— Work order —
Find each line in the records below that contains the word "What", and copy it out.

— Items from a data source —
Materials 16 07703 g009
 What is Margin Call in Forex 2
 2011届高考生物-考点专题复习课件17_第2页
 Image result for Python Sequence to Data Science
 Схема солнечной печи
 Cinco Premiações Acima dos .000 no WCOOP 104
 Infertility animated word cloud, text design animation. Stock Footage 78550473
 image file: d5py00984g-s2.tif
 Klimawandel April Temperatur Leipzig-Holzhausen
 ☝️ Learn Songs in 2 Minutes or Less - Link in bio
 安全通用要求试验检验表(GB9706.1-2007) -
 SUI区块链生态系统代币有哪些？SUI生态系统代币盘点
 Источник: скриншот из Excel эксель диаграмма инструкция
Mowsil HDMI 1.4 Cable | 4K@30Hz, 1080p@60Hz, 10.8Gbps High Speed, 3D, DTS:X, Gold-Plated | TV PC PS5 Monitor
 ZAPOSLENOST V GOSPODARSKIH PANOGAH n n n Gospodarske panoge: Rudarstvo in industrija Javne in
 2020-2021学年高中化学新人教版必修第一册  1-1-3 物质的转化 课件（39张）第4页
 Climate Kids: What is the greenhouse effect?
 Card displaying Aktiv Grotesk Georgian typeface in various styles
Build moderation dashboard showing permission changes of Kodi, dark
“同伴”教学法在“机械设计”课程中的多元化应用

— Reply —
 What is Margin Call in Forex 2
 Climate Kids: What is the greenhouse effect?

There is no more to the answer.